• [Task details]: Take the line containing "this 660×495 image." and every line after it to the end of the data, and write them out exactly as they appear.

[Collected data]
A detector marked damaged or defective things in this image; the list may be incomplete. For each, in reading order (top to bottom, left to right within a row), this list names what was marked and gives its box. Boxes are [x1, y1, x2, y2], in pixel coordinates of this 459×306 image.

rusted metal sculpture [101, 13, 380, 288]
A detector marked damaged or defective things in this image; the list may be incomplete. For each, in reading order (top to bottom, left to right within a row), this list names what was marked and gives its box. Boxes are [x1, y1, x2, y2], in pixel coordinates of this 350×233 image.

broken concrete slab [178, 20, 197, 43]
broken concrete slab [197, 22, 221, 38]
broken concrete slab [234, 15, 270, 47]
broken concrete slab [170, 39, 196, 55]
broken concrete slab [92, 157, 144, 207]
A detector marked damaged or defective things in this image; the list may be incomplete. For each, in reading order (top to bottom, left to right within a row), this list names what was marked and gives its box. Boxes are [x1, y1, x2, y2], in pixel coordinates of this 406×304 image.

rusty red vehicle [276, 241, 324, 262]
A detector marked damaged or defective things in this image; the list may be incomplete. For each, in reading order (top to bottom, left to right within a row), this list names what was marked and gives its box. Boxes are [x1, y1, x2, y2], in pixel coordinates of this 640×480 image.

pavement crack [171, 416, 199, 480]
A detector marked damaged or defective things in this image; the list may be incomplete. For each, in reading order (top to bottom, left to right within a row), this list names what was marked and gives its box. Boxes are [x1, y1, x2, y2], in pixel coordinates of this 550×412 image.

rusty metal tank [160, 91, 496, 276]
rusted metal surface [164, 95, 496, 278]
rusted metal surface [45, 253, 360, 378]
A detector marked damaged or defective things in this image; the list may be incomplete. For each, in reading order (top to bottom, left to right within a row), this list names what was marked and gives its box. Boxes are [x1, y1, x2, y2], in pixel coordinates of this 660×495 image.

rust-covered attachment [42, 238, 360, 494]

• [Expected output]:
A detector marked damaged or defective things in this image; the list may be incomplete. For each, in reading order (top to bottom, left to right within a row), this list names what was marked and gives its box. Boxes are [x1, y1, x2, y2], in pixel coordinates of this 660×495 image.

rust-covered attachment [42, 238, 360, 494]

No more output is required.